Backed by rapid technological and innovation development, Cambodian tech and digital businesses achieved $470 million in revenue for 2019, according to the latest report from Asian Development Bank (ADB) released late last month.
Broken down by sectors, e-commerce accounted for 27.6 per cent, e-services 7.8 per cent, digital media 10.2 per cent, advertising technology 12.7 per cent, transportation 3.8 per cent and online travel 37.9 per cent, the Metro Manila-based multilateral lender said in its “Asia Economic Integration Report 2021: Making Digital Platforms Work For Asia and the Pacific”.
On May 28, ADB and the Ministry of Economy and Finance co-hosted a public webinar on “Digital Platforms and Cambodia’s Post-Covid-19 Economic Recovery”.
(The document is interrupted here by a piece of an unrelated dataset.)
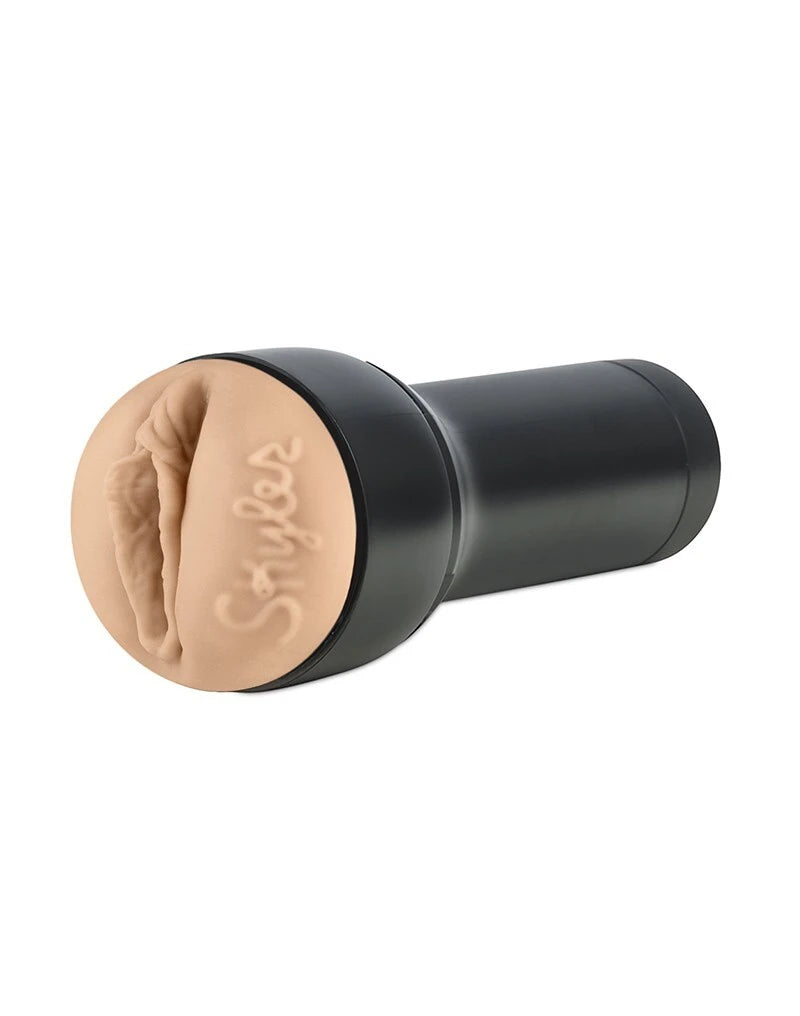 Kiiroo - FeelStar Stroker "Skyler Lo"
Speaking at the event, ADB Economic Research and Regional Cooperation Department chief economic and director-general Yasuyuki Sawada said the increased computing power and the access to affordable smart devices have brought digital technology into people’s hands.
“The increased use of these digital platforms is expected to continue this year and in the years to come. Based on our recent study, if digital sectors expand by 20 per cent from the 2020 baseline to 2025, global output would rise by $4.3 trillion annually, Asia’s output by $1.7 trillion yearly,” he said.
Ministry undersecretary of state Huot Pum told the webinar that the government had been preparing a Digital Economy and Society Policy Framework – which would be launched early this month – to provide clearer policy direction for Cambodia to digitalise its economy and society and to be used as a key strategy for economic recovery after the Covid-19 crisis.
“Under this policy framework, the digital data and platforms are vital in adopting and leveraging the advanced technologies. In this sense, key stakeholders that include the government and the private sector are required to work together to initiate and develop digital platforms that synergise and co-create digital products and services to serve the people,” he said.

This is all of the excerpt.